The Twin Books of Scripture and Nature: is God Knowable? June 29, 2016

Responsible Christians seek to learn things about God. There are no excuses or exceptions. If you are not making an effort to learn about God’s nature and person, then quite frankly it is not possible for you to lead a flourishing spiritual life. Regular Scripture reading is the most natural way for Christians to learn about God. The best advice I ever received on reading the Scriptures was this: just do it. Dive right in and do not wait for some special study method or inspirational moment.

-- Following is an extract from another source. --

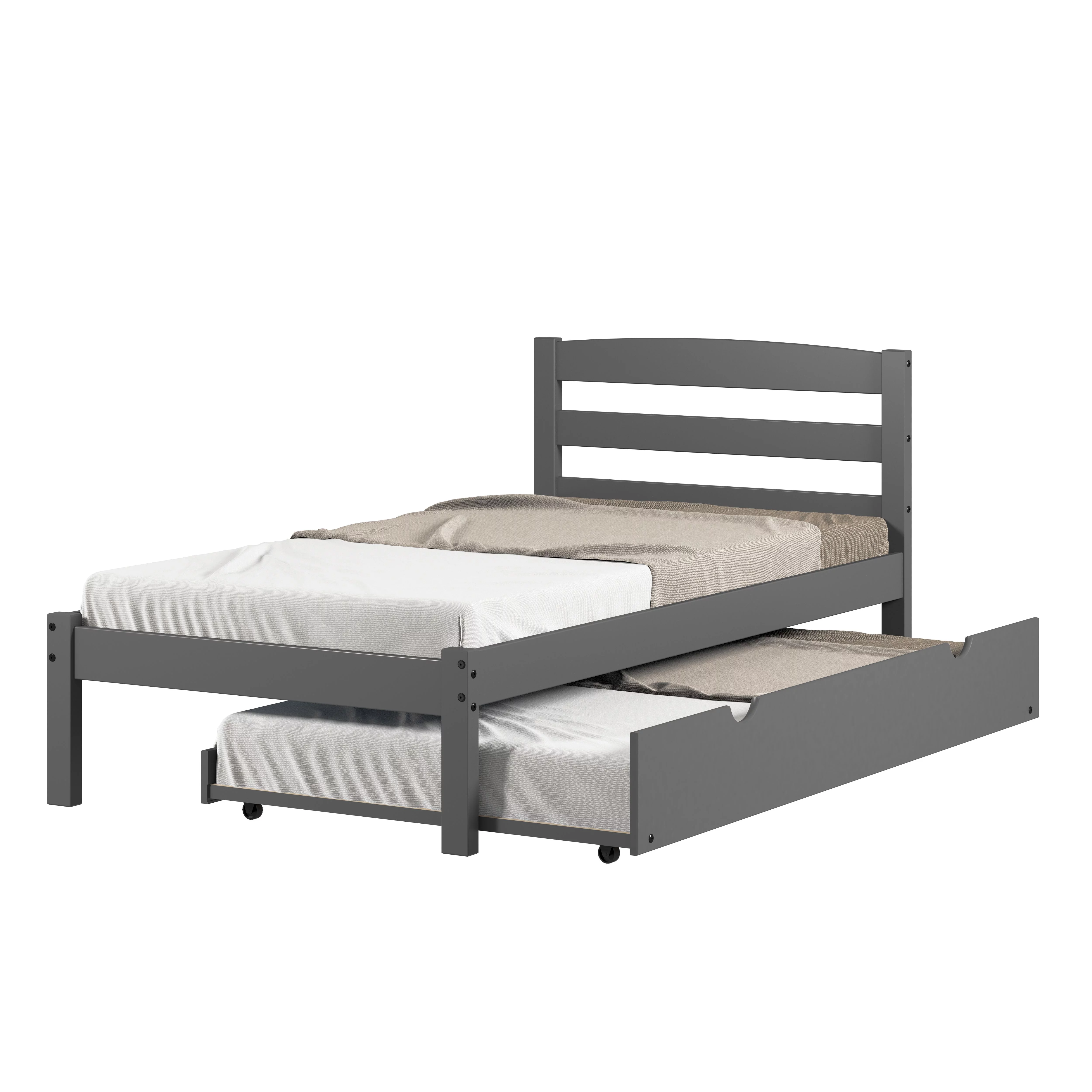 TWIN ECONO BED DARK GREY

It is also possible to know the character and attributes of God through observations of the natural world. Its wonders underscore his creative role and aesthetic grandeur. The complexity of such mundane things as leaves and flowers, bones and central nervous systems, caterpillars and tarantulas all point to an originator of awesome creative capacities. The wind rustles the leaves of trees and ripples out waves on lakes. Just as things can be known about the wind via inspection of its effects, so also God can be known via an observation of his creative impact. 

St. Thomas Aquinas Church, Zanesville Ohio, User:Nyttend, Wikimedia Commons Open Domain
St. Thomas Aquinas Church, Zanesville Ohio, User:Nyttend, Wikimedia Commons Open Domain

Another way of learning about God is to study the Christian theological tradition, informed as it has been by the Holy Spirit and also by the deliverances of the Scriptures. The tradition is a way of standing on the shoulders of the spiritual and intellectual giants who have gone before us. Their efforts to systematize the Scriptures have made God’s person and attributes far more accessible for laypersons than would otherwise be the case.

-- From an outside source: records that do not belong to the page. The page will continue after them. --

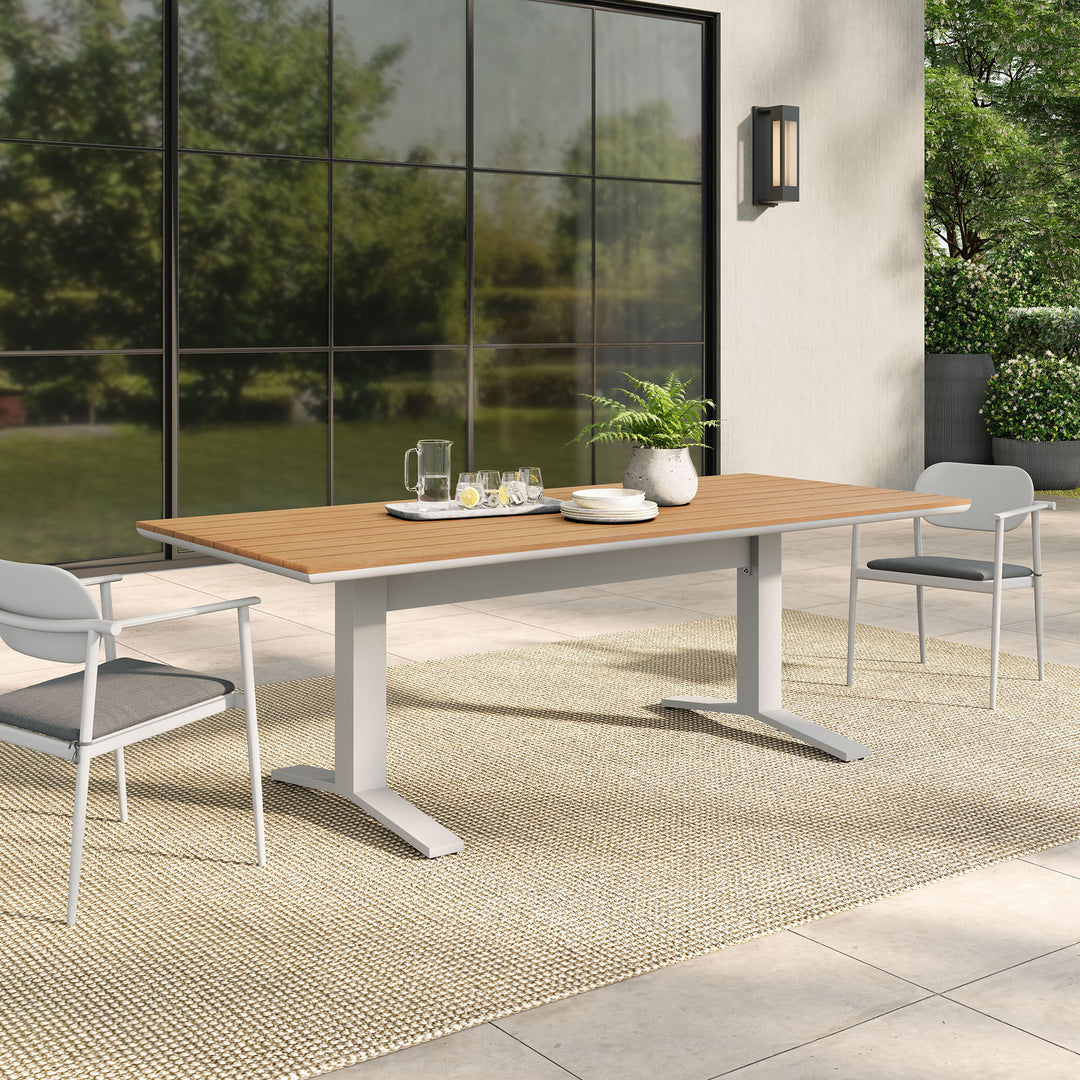 Granville 91" Outdoor Patio Aluminum Dining Table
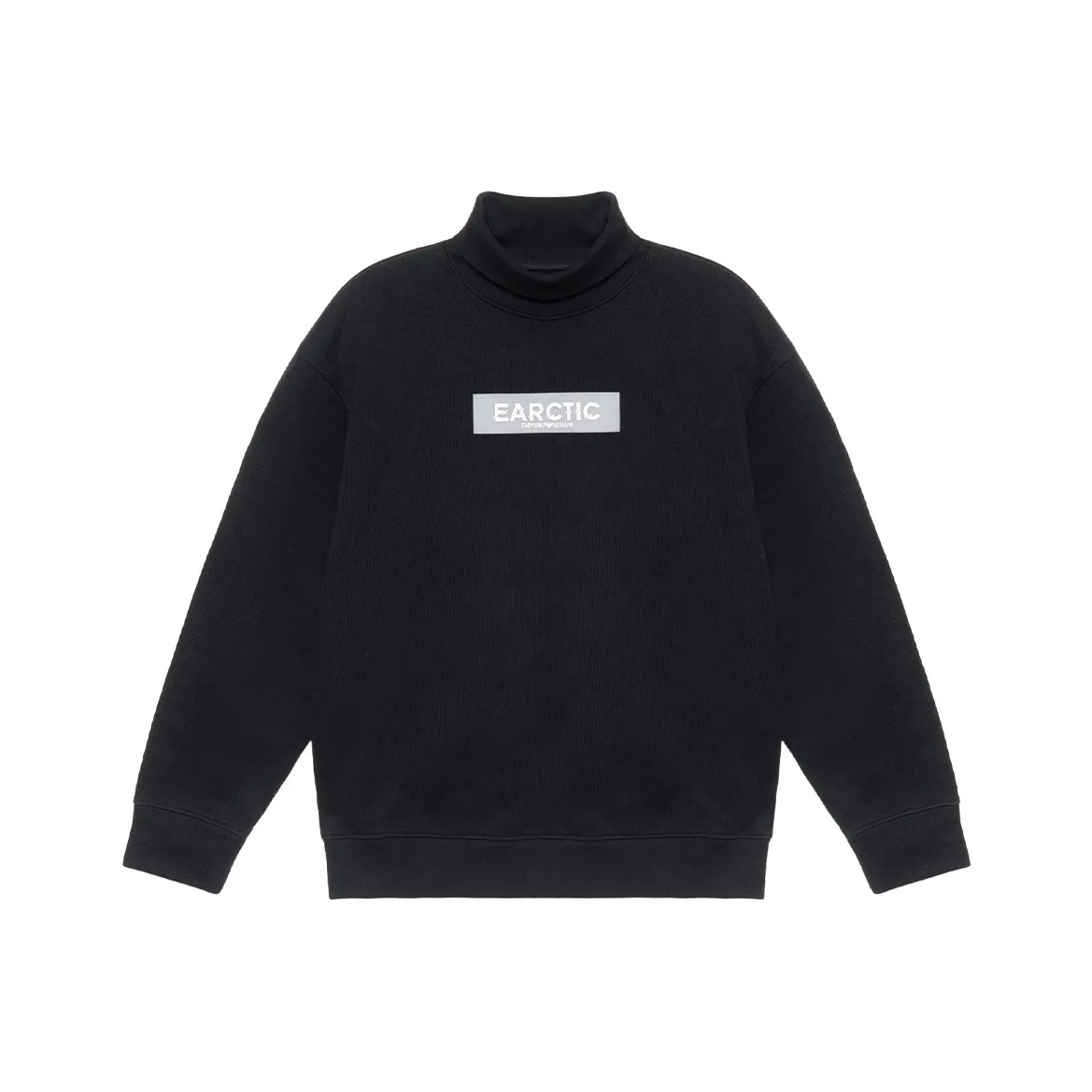 EMPORIO ARMANI Sustainable Collection FW22 Sweatshirt Men's Black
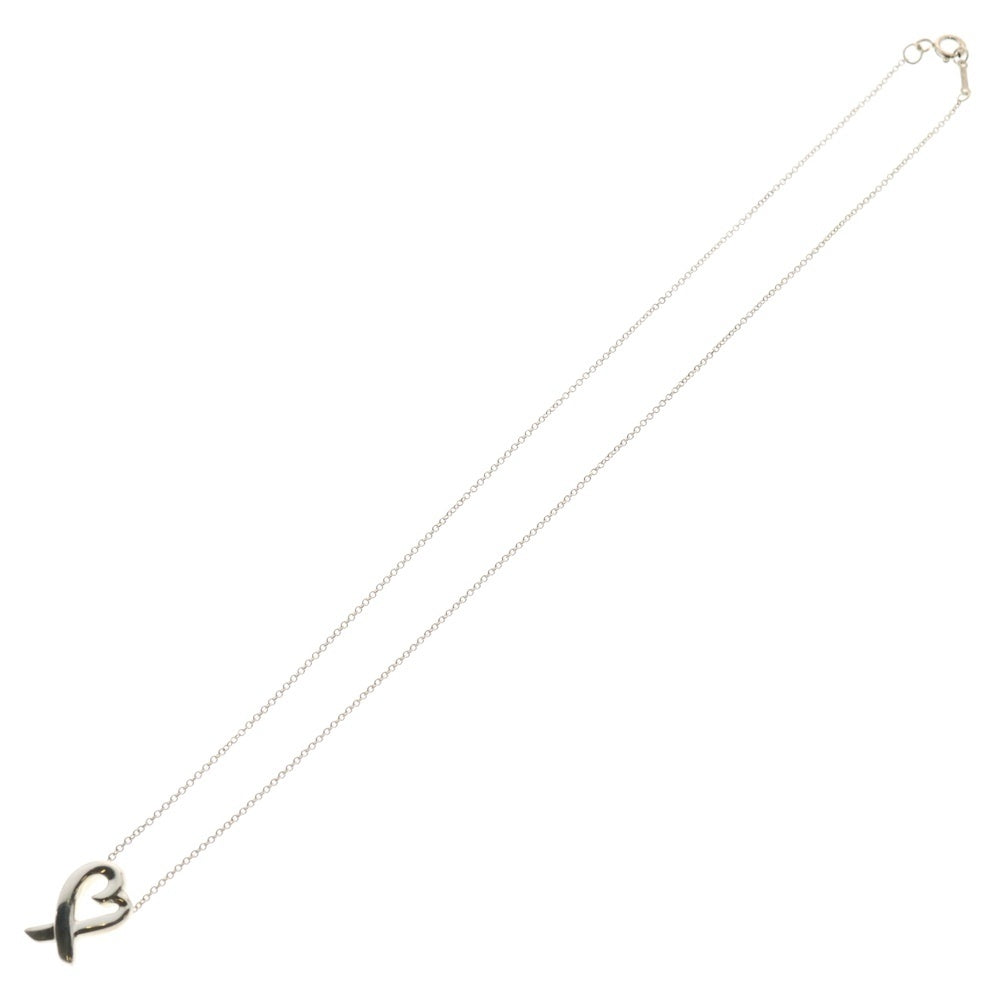 TIFFANY&Co(ティファニー) ラビングハート ネックレス ペンダント チェーン シルバー 925 2.9g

The upshot is just that there are abundant resources for learning things about God. The book of Scripture and the book of Nature, coupled with the Theological tradition, each highlight different aspects of his character – his intelligence, his love, his sovereignty, and his interest in his created order. Some people say that learning about God is a monumental task. Why, they ask, does God make his nature so hard to discern? It is true that God’s full glory is rarely on display in his dealings with humans. The theologians over the centuries have offered numerous cogent reasons for this. The point, though, is that instead of complaining about God’s hiddenness, we ought just to roll up our sleeves and dive right into the twin books of Scripture and Nature.

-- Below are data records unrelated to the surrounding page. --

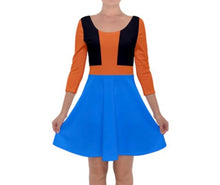 Goofy Inspired Quarter Sleeve Skater Dress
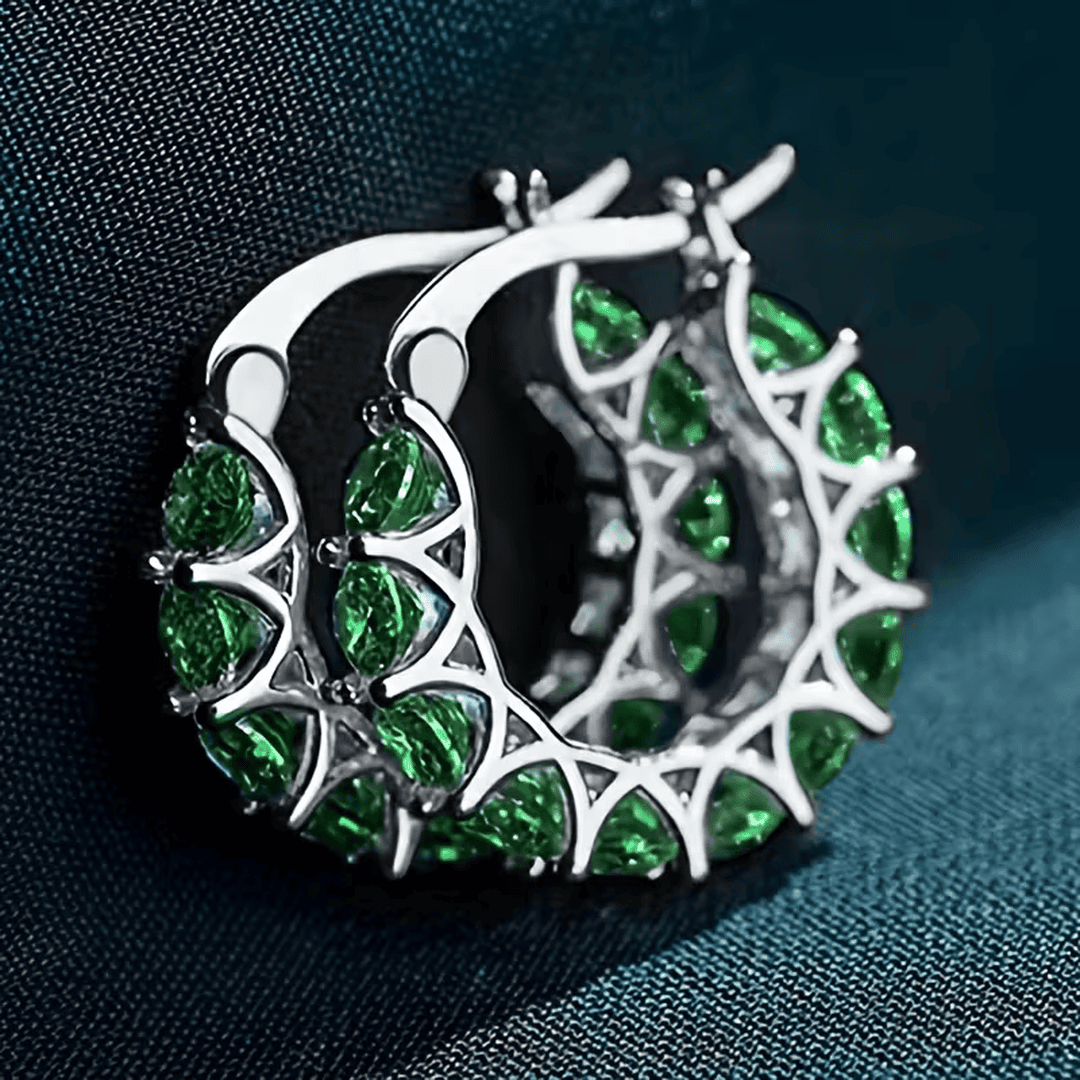 Regal Hoop Smaragd-Ohrringe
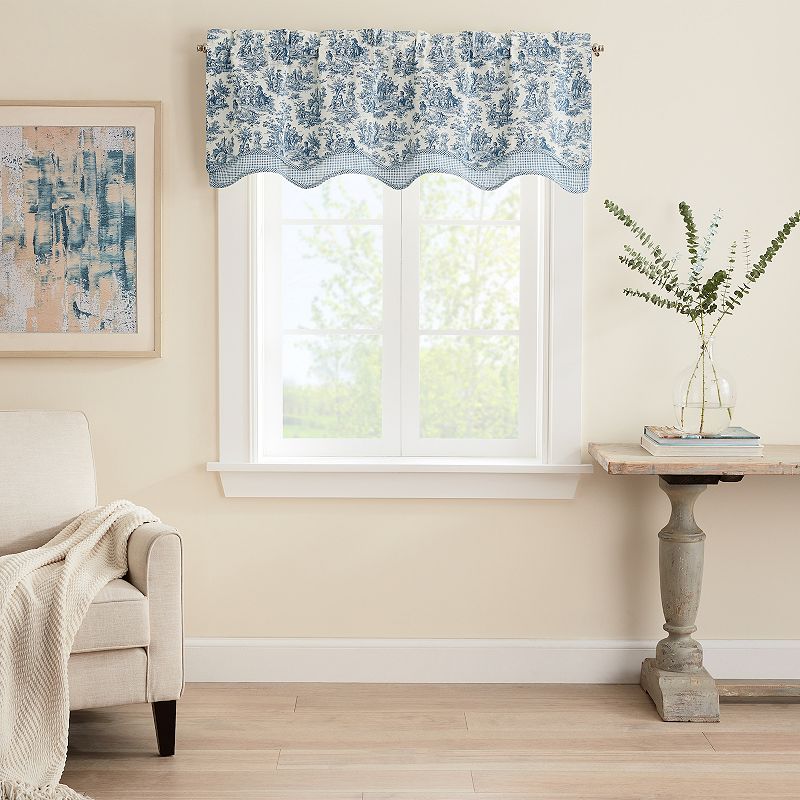 Waverly Charmed Wave Window Valance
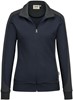 Hakro 277 Women's sweat jacket Contrast MIKRALINAR® - Navy Blue/Anthracite - 2XL afbeelding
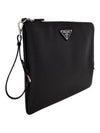 24SS triangle logo saffiano strap clutch 2NH0232 - PRADA - BALAAN 3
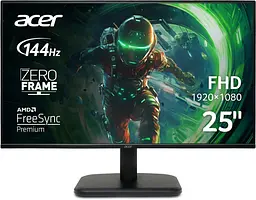 Монітор 24.5" Acer EK251QP6bi D-Sub FHD IPS 144Hz (UM.KE1EE.601) U1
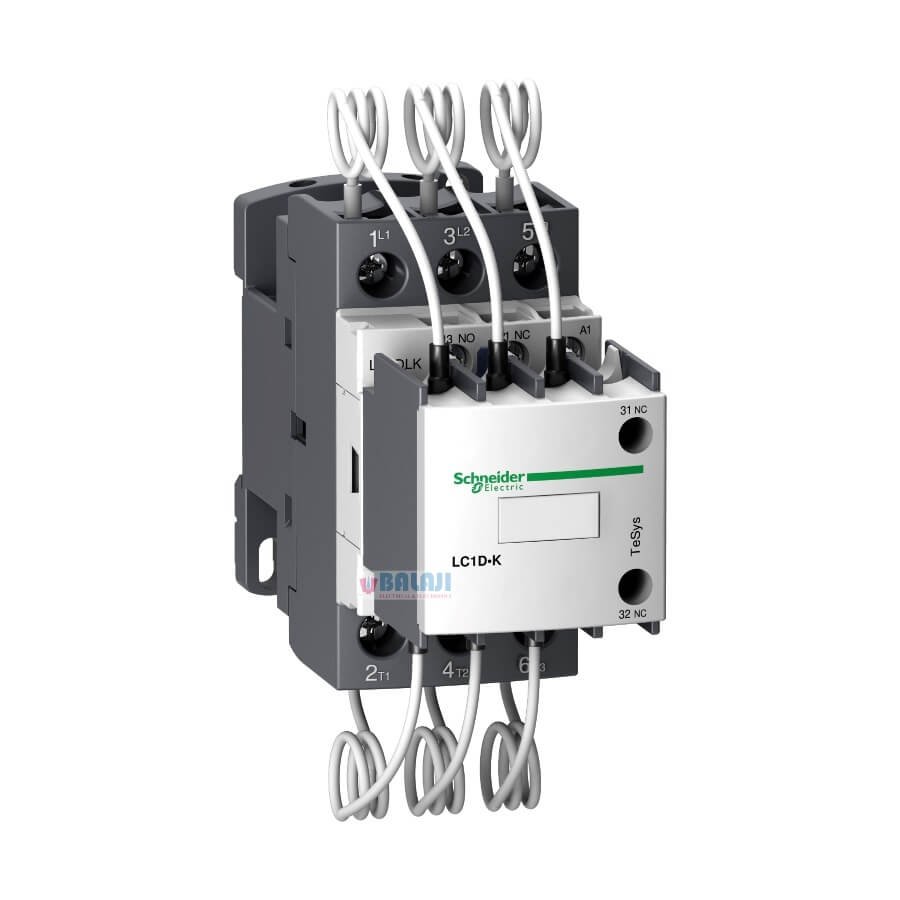 Schneider Capacity Contactor LC1FDLK-20-kVAR-at-400-V-50-Hz-coil-230 -AC-50-60-Hz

More generally, to say that God is inaccessible is to betray one’s lack of observational skills. I once read a story about the great 19th-century naturalist, Louis Agassiz. An astute observer and master teacher, Agassiz trained his students to be attentive to detail. One day he tasked a student with dissecting a single, ordinary fish specimen and writing his anatomical observations in a lab notebook. The enterprising student spent the entire day listing his observations. Agassiz returned the next morning, but was unimpressed. He made the student repeat the exercise, but disallowed any and all observations from the previous day. The student again spent the entire day in the lab, and met Agassiz the following morning with a full (and wholly new) notebook. Agassiz once more dashed the student’s hopes and made him repeat the exercise for a third time. Only after another full notebook of observations was Agassiz finally satisfied. The truth is that the twin texts of Scripture and Nature can teach us countless things about God. But we are too often like Agassiz’s untrained student. Our lack of inspection skills makes the knowledge of God seem daunting. What we need to do is just to practice the careful art of observation. In doing so, we can open up numerous avenues for understanding God’s wisdom and person.